One of my constant “growing edges” in life and faith is the negotiation of what is my responsibility and what is God’s. When I stop and take a look at what is happening around me, and through me, I am often surprised by how much I live as though everything depended upon me. This probably has as much to do with my own growing up as an oldest children, and the family systems of which I have inherited, as it does with my own “little” faith. Whatever the explanation(s) are for this behavior, I understand that intellectually that “it” (whatever it may be in any given situation) is not all up to me, and thankfully so. If it were really up to me, we’d be in trouble. De-Programming this as an orientation, however, is much easier said than done.
Not long ago I was once again reminded of this struggle when I read Psalm 127:
“A Song of Ascents. Of Solomon. Unless the LORD builds the house, those who build it labor in vain. Unless the LORD guards the city, the guard keeps watch in vain. It is in vain that you rise up early and go late to rest, eating the bread of anxious toil; for he gives sleep to his beloved.” (Psalms 127:0–2)
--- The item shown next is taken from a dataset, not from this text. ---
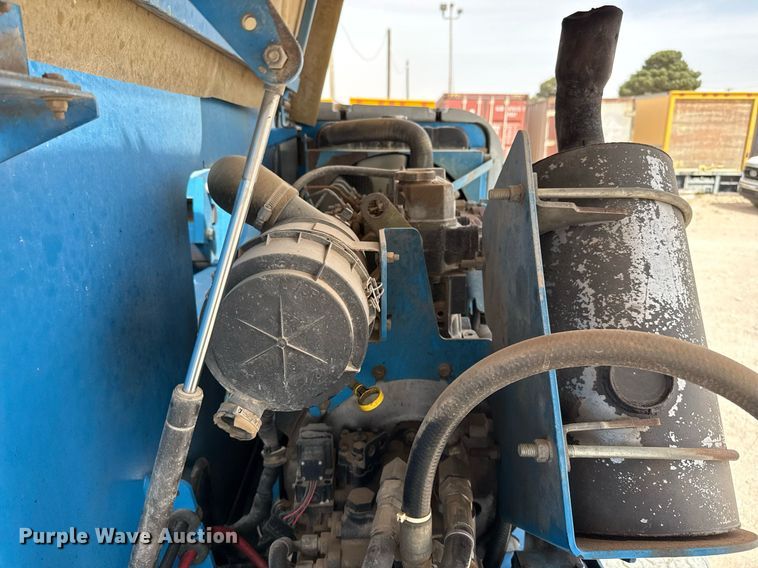 image for item ED5572 2008 Genie S-85 boom lift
Some queries arise for me from this:
Am I allowing the Lord to build the house? And, practically speaking, because I am one driven by a deep sense of praxis, what does it actually look like to create space for the Lord to build the house?
Do I insert myself into as many situations as possible, believing that my involvement, my presence can somehow “save” the day?
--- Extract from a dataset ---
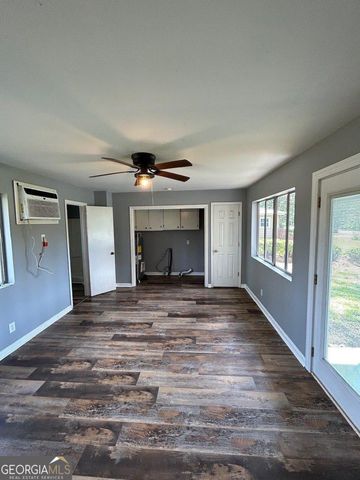 843 Prosperity Drive, Swainsboro, GA 30401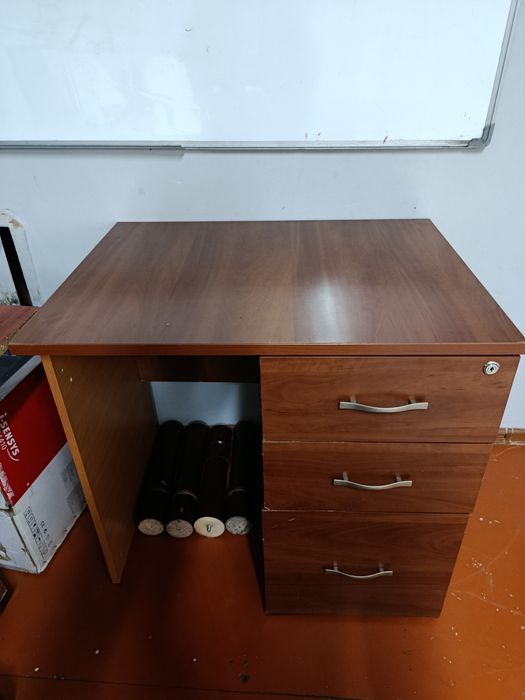 Офисный стол продается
Do I trust God enough to allow God to do what it is God wants to do?
Recently I preached on a passage out of 1 John that reads:
“Everyone who believes that Jesus is the Christ has been born of God, and everyone who loves the parent loves the child. By this we know that we love the children of God, when we love God and obey his commandments.” (1 John 5:1–2)
This led me to thinking about the questions dealing with God giving birth (the greek language found in these verses uses wonderful mothering language around “begotten” and “to give birth too.”
So I wonder:
“What is Born of God?” And am I able to recognize it when it happens? Or do I try and explain it away because it is something that deeply challenges or confronts me?
Am I working on my own relationship to God in a way that I can truly and faithfully say that I will love whatever it is that God gives birth too (Loving the one giving birth leads to loving the one birthed)?
These are difficult questions. Questions that I continue to sit with. But part of what I recognized in meditating on these passages was my own need to nurture “that of God” within me. I need to recognize and be open to what God is birthing in myself, and if I cannot respond appropriately to that, how can I expect to respond appropriately to what God is birthing in those around me and in the world?
I am not interested in feeling guilty about not doing it right, or beating myself up because I constantly try to “do it myself,” or because I have little faith. I gave up on shame-based Christianity a long time ago. I know that God’s love is deep and wide. But I am interested in growing in my own awareness and growing in a way that I actually believe/live that is more free, not less. This is a different interaction with myself and others insofar my role becomes less about creating, doing and birthing something myself (the constant drive to overfunction) and more about noticing, listening, drawing out, and asking good questions (seeking a more non-anxious existence).